**About this exercise**: Starting at the line where "Produktbild Belmil MiniFit" occurs, reproduce each line through the end of the entries below exactly. Omit every picture.
****
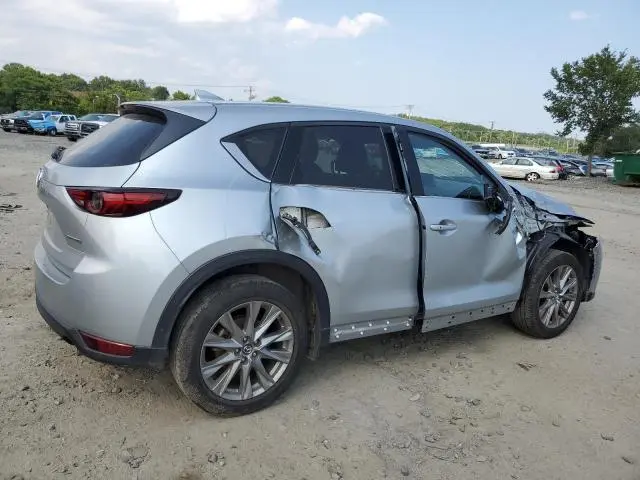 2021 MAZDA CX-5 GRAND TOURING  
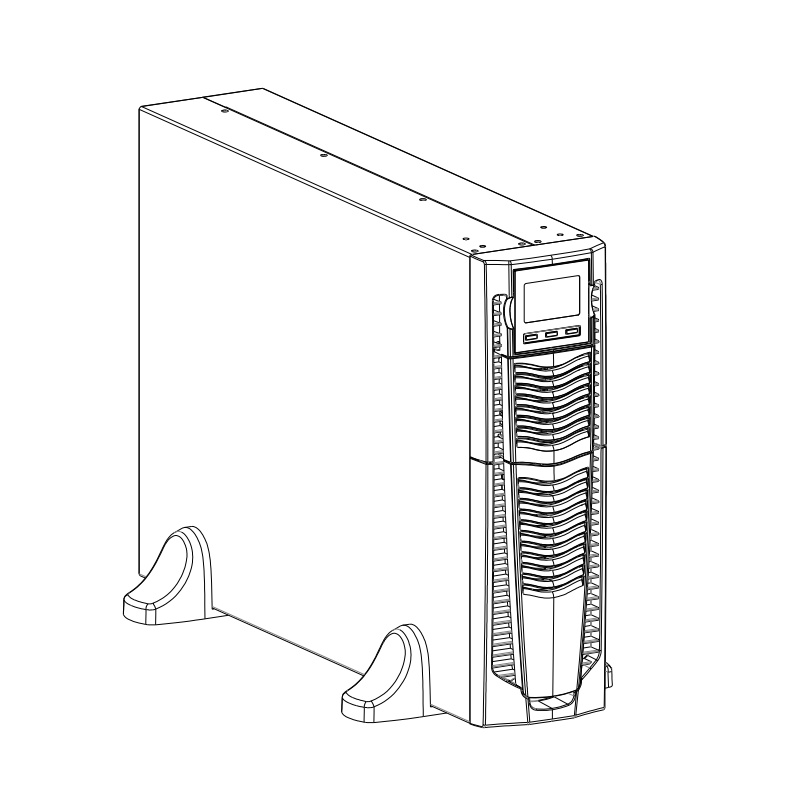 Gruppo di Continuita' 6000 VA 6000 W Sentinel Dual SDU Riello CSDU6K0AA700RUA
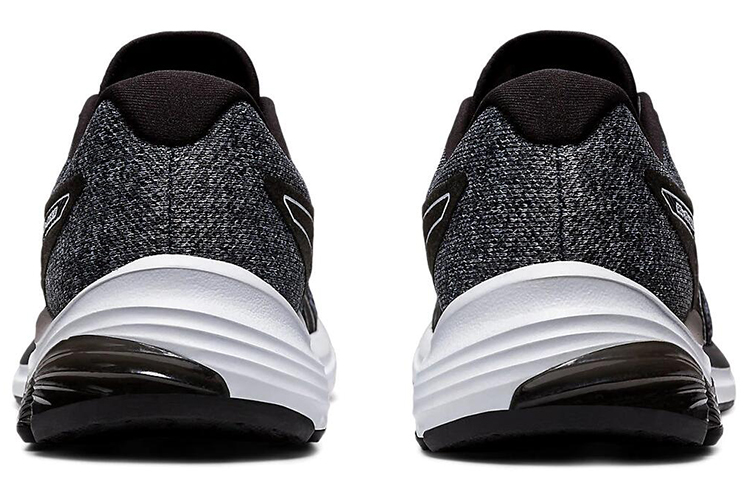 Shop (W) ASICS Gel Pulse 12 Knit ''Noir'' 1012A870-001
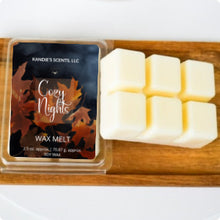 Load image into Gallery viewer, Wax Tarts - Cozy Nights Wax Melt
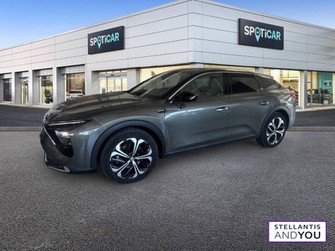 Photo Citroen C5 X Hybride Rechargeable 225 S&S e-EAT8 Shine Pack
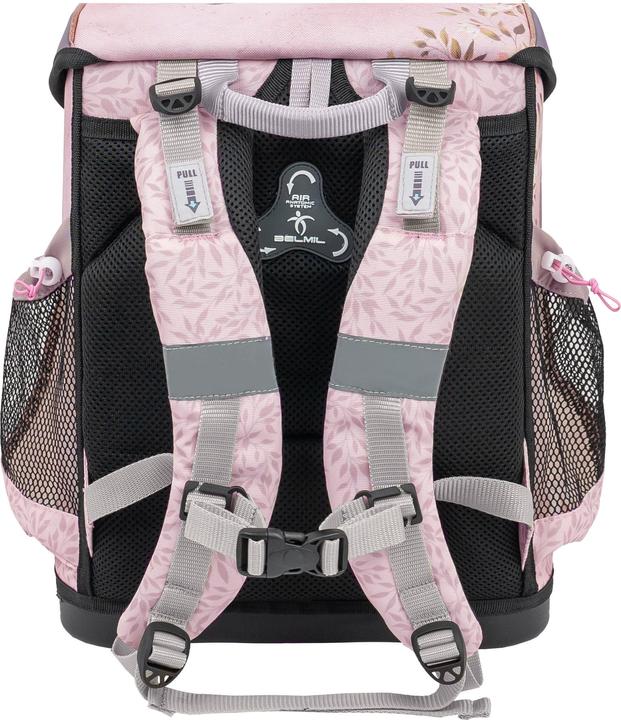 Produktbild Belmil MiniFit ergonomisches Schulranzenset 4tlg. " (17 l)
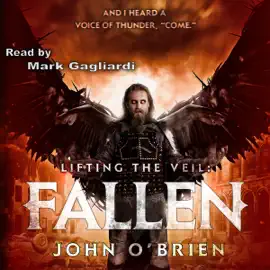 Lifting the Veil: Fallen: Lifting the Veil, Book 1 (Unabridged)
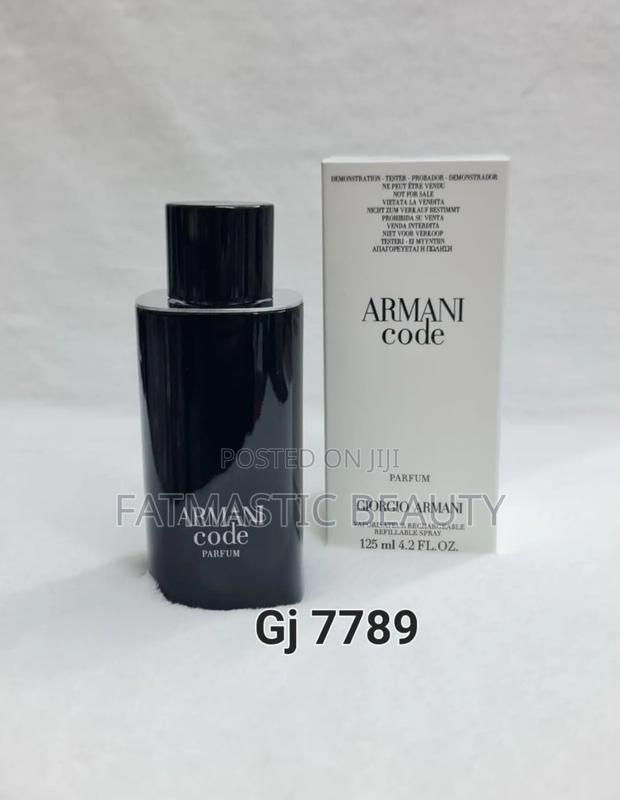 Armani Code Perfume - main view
****
**Written response**:
 Produktbild Belmil MiniFit ergonomisches Schulranzenset 4tlg. " (17 l)
 Lifting the Veil: Fallen: Lifting the Veil, Book 1 (Unabridged)
 Armani Code Perfume - main view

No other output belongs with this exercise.